#### [LISTED RECORDS]
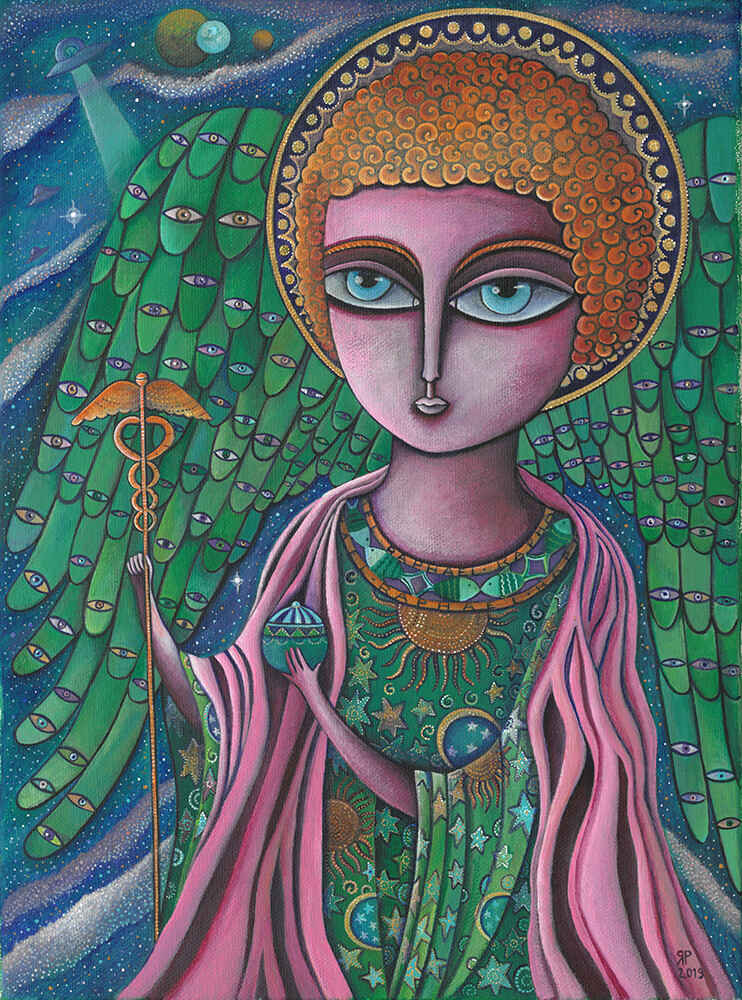 Rossella-Paolini-Saint-Raphael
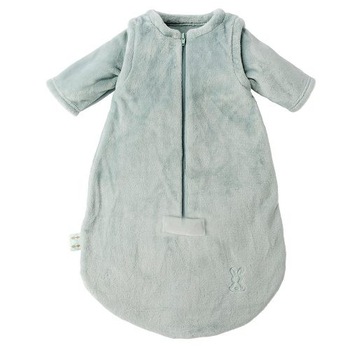 Sac de dormit cu maneci detasabile Coppergreen 65cm Sac de dormit cu maneci detasabile Coppergreen 65cm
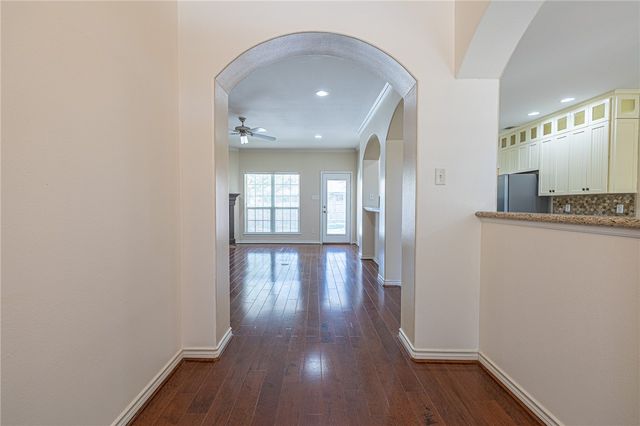 4422 Pickering Place, College Station, TX 77845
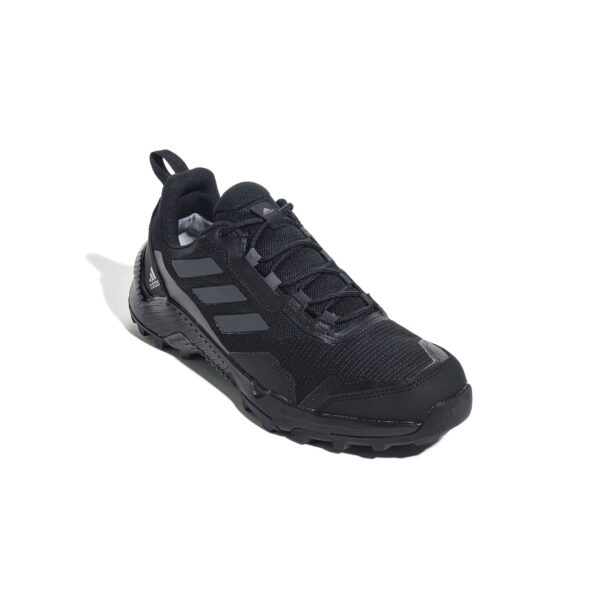 Adidas Eastrail 2.0 RAIN.RDY Herren Wanderschuhe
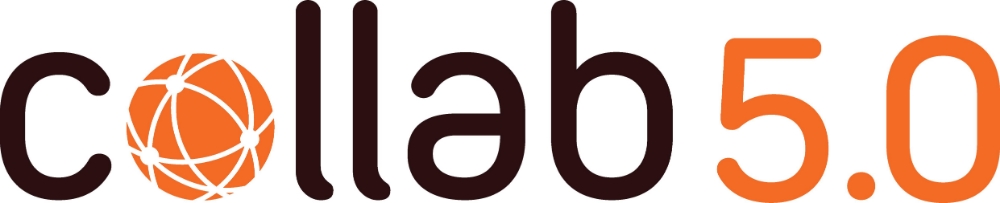 메트라이프생명, 인슈어테크 솔루션 개발 경진대회 ‘콜랩 5.0’ 개최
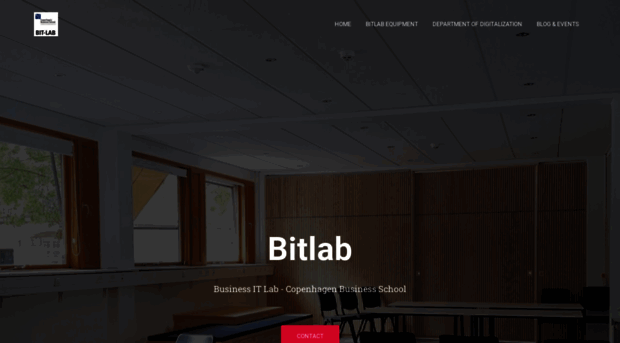 bitlab.cbs.dk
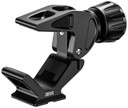 ZEISS BINO CLAMP ACCESSORY ZS 2708928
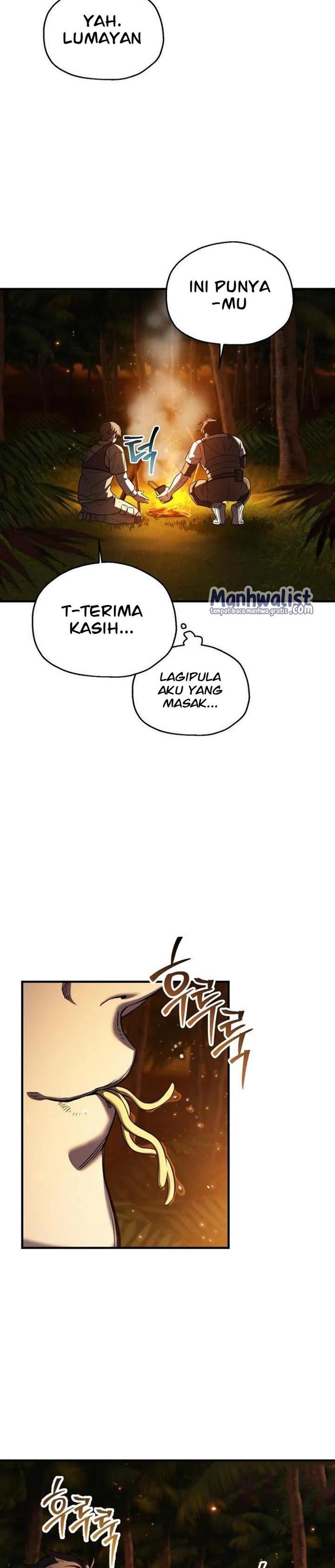 image-komik-solo-resurrection-chapter-23-11/36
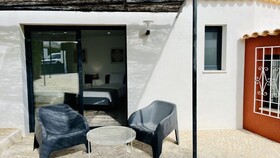 Strip By Check-in Portugal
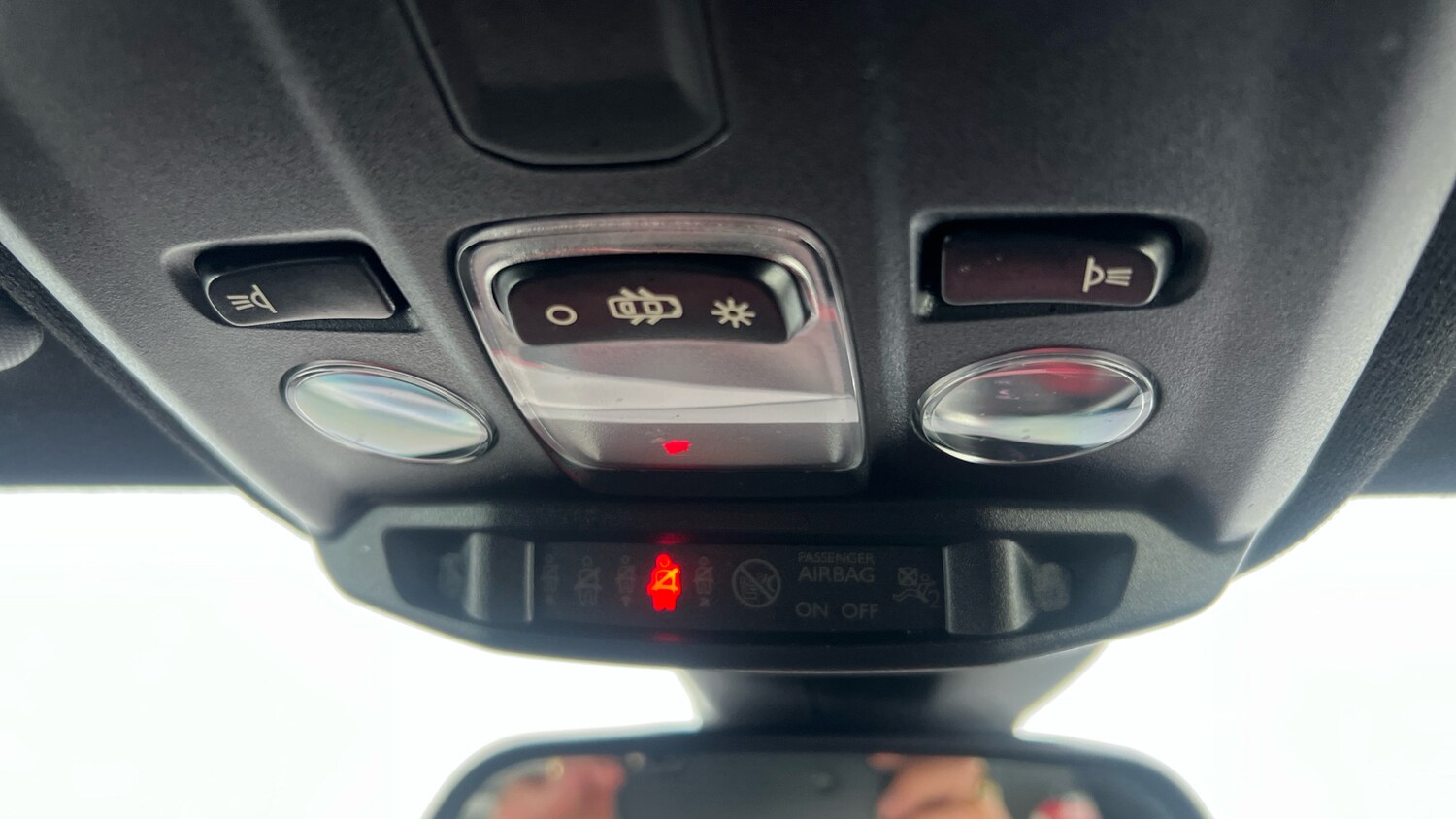 Used Vauxhall Mokka 2022 for sale - 76808062: Photo 32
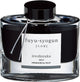 Pilot Fountain Pen Ink 50ml Fuyushogun Gray INK50FS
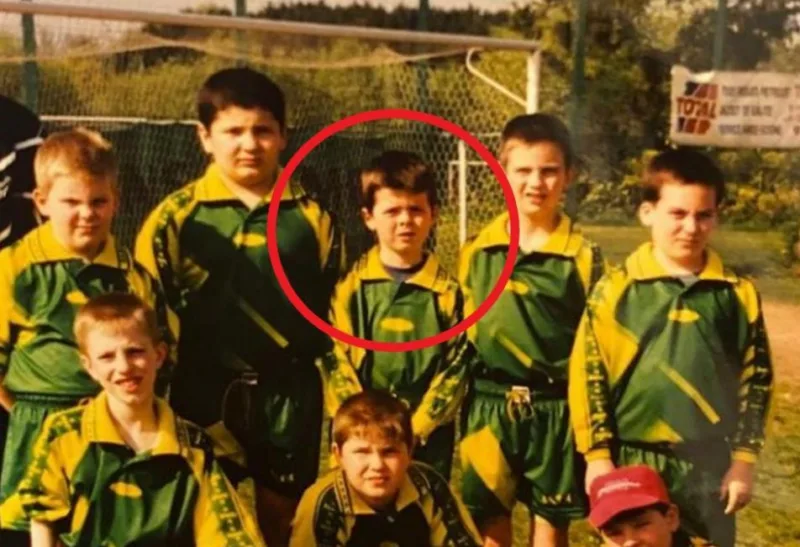 pjanic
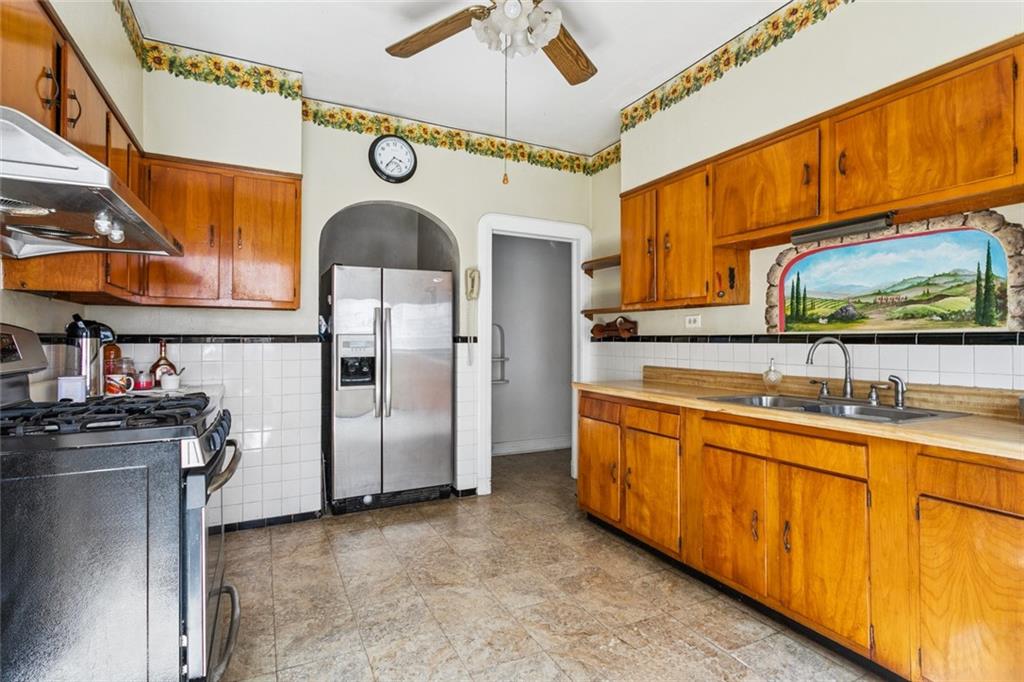 1706 Metairie Road, Metairie, Louisiana image 4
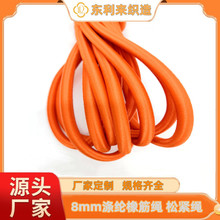 �A�ɾo�K��Ȼ���z��оPP�����K��]�����K�ɶ����ɫ���|Ҏ��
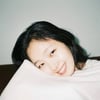 김고은, 팬들 설레게 하는 산뜻 미소.."사랑스러워"[스타IN★]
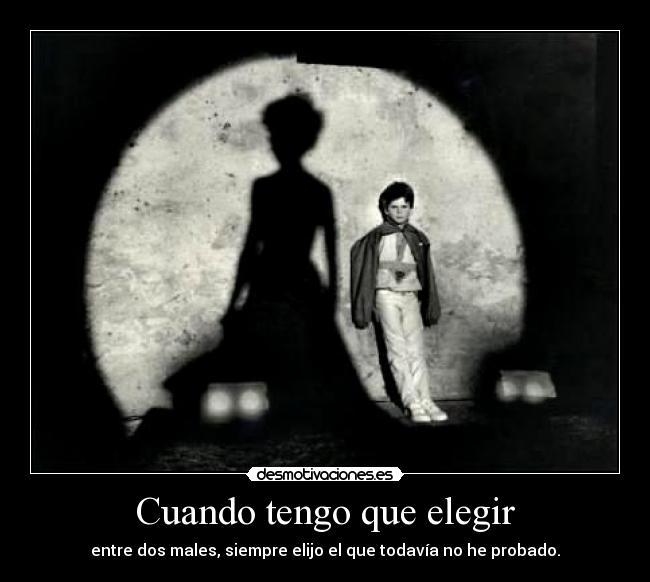 carteles bbjdfs sere relato corto retrato que cubre corazon roto desmotivaciones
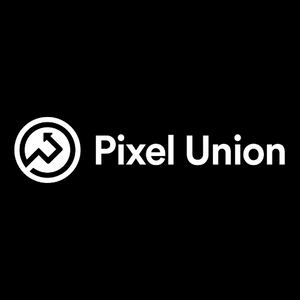 Pixel Union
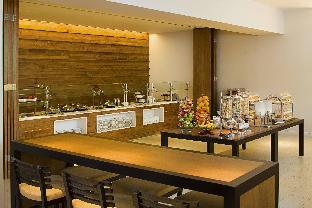 sheraton philadelphia downtown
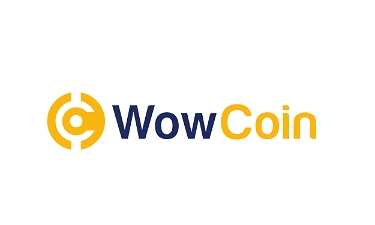 WowCoin.io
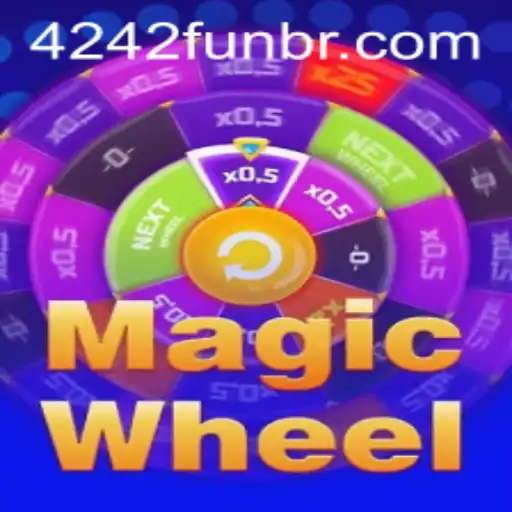 Exploring the Enchanting World of MagicWheel: A Deep Dive into the Game and Its Rules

#### [PROBLEM TO SOLVE]
Return word for word the lines from the beginning of the entries through the line that contains "김고은, 팬들 설레게", both ends included, but no pictures.

#### [TASK SOLUTION]
 Rossella-Paolini-Saint-Raphael
 Sac de dormit cu maneci detasabile Coppergreen 65cm Sac de dormit cu maneci detasabile Coppergreen 65cm
 4422 Pickering Place, College Station, TX 77845
 Adidas Eastrail 2.0 RAIN.RDY Herren Wanderschuhe
 메트라이프생명, 인슈어테크 솔루션 개발 경진대회 ‘콜랩 5.0’ 개최
 bitlab.cbs.dk
 ZEISS BINO CLAMP ACCESSORY ZS 2708928
 image-komik-solo-resurrection-chapter-23-11/36
 Strip By Check-in Portugal
 Used Vauxhall Mokka 2022 for sale - 76808062: Photo 32
 Pilot Fountain Pen Ink 50ml Fuyushogun Gray INK50FS
 pjanic
 1706 Metairie Road, Metairie, Louisiana image 4
 �A�ɾo�K��Ȼ���z��оPP�����K��]�����K�ɶ����ɫ���|Ҏ��
 김고은, 팬들 설레게 하는 산뜻 미소.."사랑스러워"[스타IN★]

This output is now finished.